:: DATA FOR THE TASK
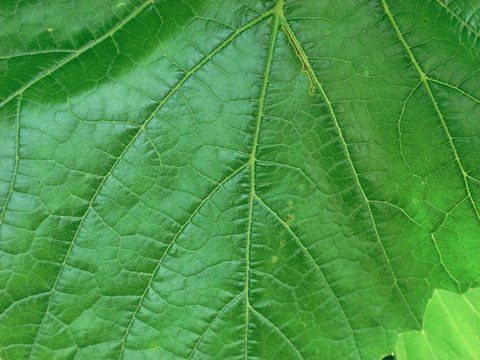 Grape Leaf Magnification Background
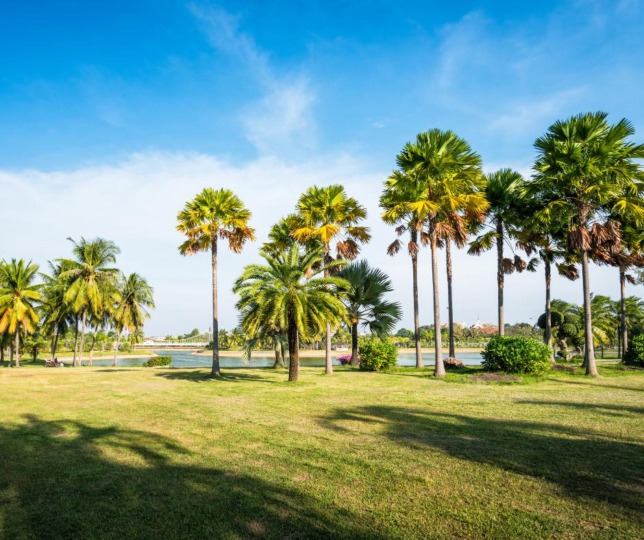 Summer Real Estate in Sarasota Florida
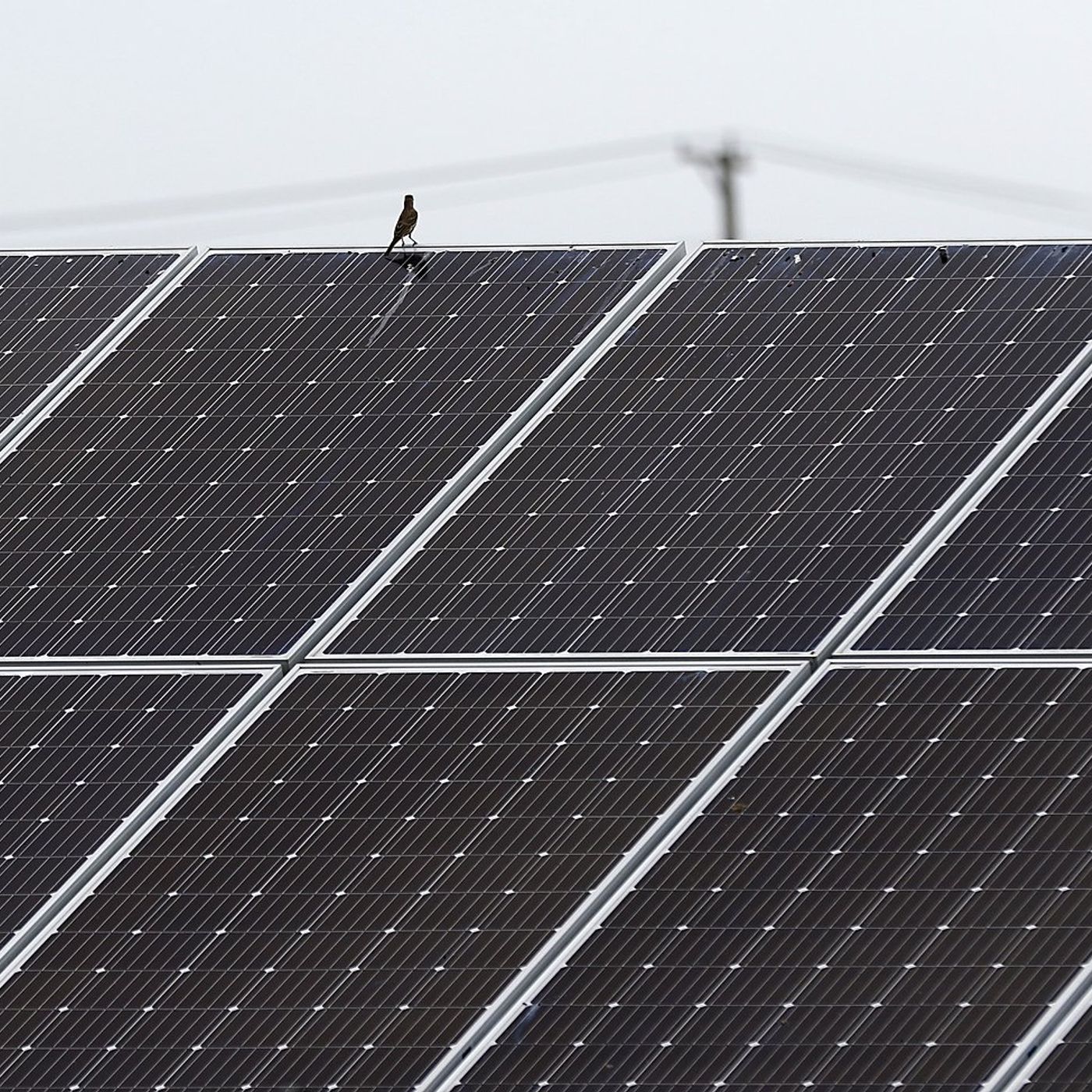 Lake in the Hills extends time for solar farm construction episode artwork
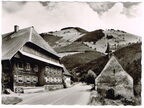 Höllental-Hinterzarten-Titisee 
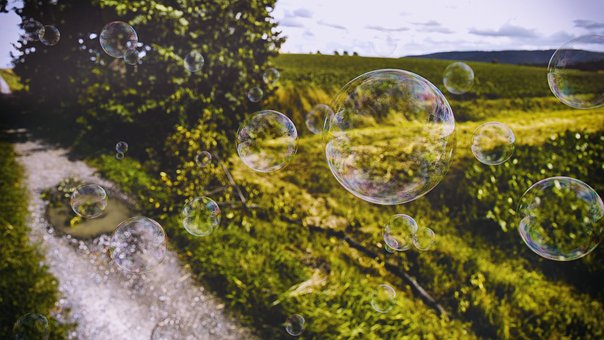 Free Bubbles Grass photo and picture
::::
▶ [TASK STATEMENT] Each line from the one containing "Höllental-Hinterzarten-Titisee" to the final line of the data must be printed exactly, both included, with nothing else and no pictures.

▶ [RESPONSE TO THE TASK]
 Höllental-Hinterzarten-Titisee 
 Free Bubbles Grass photo and picture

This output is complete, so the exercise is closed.